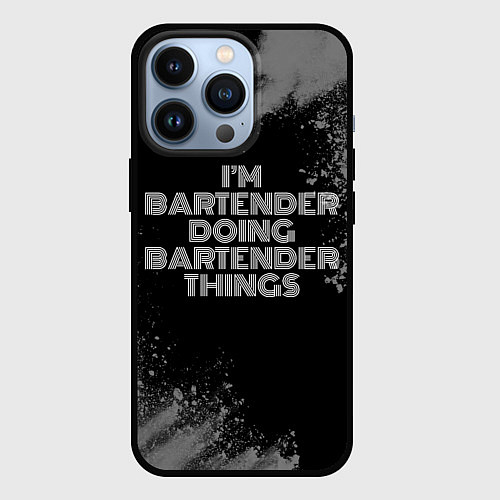 Чехол iPhone 13 Pro Im bartender doing bartender things: на темном / 3D-Черный – фото 1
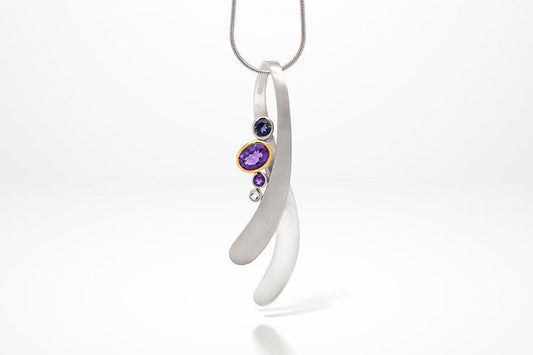 Amethyst, Iolite and White Topaz pendant in sterling silver, style P6141 - view 2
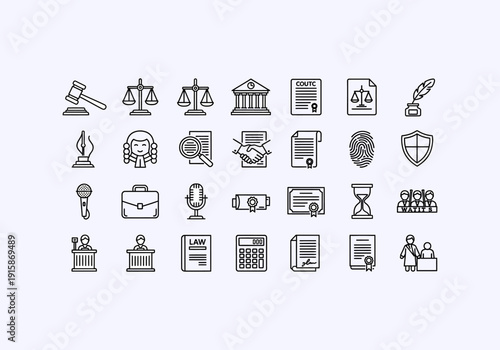 Vector Ilustration Concept Icon Set lawyer legal documents and symbols for Your Business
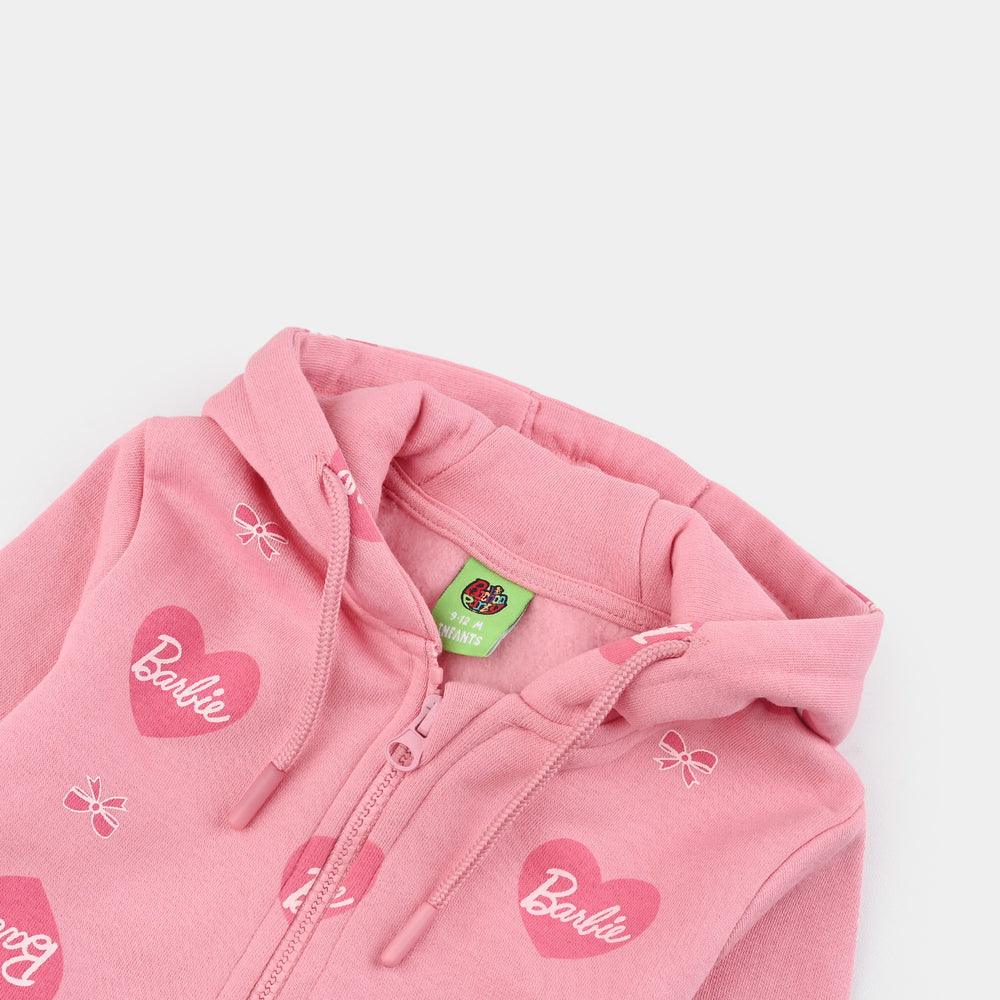 Infant Girls Fleece Jacket-Candy Pink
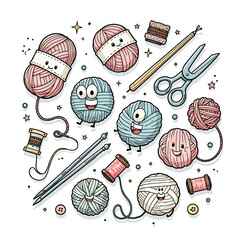 Knitting with Smile - Happy knit - cartoon knitting - Yarn and Wool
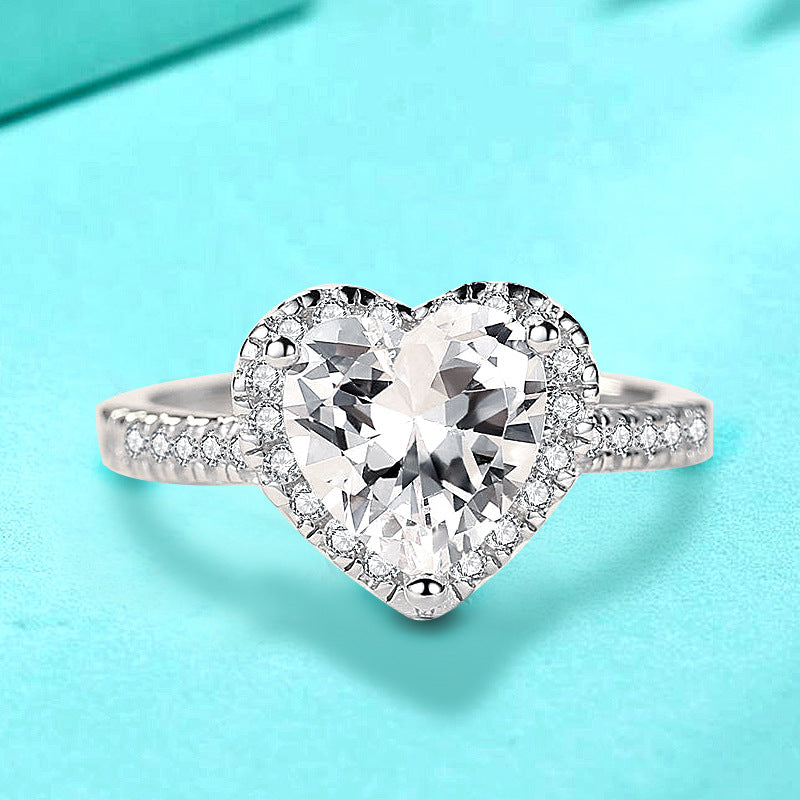 925 Silver Heart Shaped Zircon Ring Urban Street Style Women's Jewelry Size 5-10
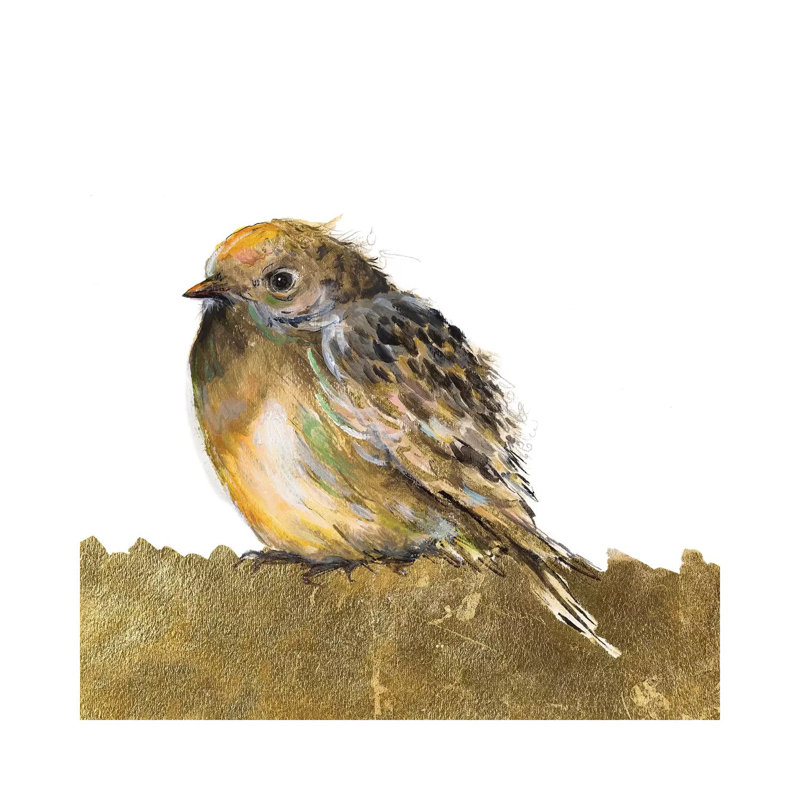 «Gold Bird» par Patricia Pinto - peinture sur toile tendue, H 12 po x l 12 po x P 0,75 po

------

Your task -
The lines above should be transcribed exactly, with every image removed.

Result for this exercise -
 Чехол iPhone 13 Pro Im bartender doing bartender things: на темном / 3D-Черный – фото 1
 Amethyst, Iolite and White Topaz pendant in sterling silver, style P6141 - view 2
 Vector Ilustration Concept Icon Set lawyer legal documents and symbols for Your Business
 Infant Girls Fleece Jacket-Candy Pink
 Knitting with Smile - Happy knit - cartoon knitting - Yarn and Wool
 925 Silver Heart Shaped Zircon Ring Urban Street Style Women's Jewelry Size 5-10
 «Gold Bird» par Patricia Pinto - peinture sur toile tendue, H 12 po x l 12 po x P 0,75 po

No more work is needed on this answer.